**Try it**
Please return the lines of the data that contain "Black".

Records from a data source
━━━━━━━━

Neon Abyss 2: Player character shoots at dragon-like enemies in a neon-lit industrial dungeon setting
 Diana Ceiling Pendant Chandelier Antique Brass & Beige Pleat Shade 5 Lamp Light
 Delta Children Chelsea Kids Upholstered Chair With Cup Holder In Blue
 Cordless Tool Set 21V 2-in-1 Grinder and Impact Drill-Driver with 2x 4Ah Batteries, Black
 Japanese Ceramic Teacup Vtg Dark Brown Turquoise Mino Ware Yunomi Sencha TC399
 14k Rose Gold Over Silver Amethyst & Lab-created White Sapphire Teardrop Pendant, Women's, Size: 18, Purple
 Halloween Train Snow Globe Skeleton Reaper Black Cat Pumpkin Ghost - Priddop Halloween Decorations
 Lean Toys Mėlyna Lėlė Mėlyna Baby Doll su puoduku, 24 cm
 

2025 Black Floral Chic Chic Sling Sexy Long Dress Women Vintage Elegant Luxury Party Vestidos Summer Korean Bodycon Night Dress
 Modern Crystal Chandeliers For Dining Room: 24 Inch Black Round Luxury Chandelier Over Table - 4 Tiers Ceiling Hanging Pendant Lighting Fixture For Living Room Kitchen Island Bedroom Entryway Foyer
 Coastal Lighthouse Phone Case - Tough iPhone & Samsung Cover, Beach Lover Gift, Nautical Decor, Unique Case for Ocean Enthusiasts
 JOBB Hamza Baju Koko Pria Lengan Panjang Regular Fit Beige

━━━━━━━━

**Your solution**
 Cordless Tool Set 21V 2-in-1 Grinder and Impact Drill-Driver with 2x 4Ah Batteries, Black
 Halloween Train Snow Globe Skeleton Reaper Black Cat Pumpkin Ghost - Priddop Halloween Decorations
2025 Black Floral Chic Chic Sling Sexy Long Dress Women Vintage Elegant Luxury Party Vestidos Summer Korean Bodycon Night Dress
 Modern Crystal Chandeliers For Dining Room: 24 Inch Black Round Luxury Chandelier Over Table - 4 Tiers Ceiling Hanging Pendant Lighting Fixture For Living Room Kitchen Island Bedroom Entryway Foyer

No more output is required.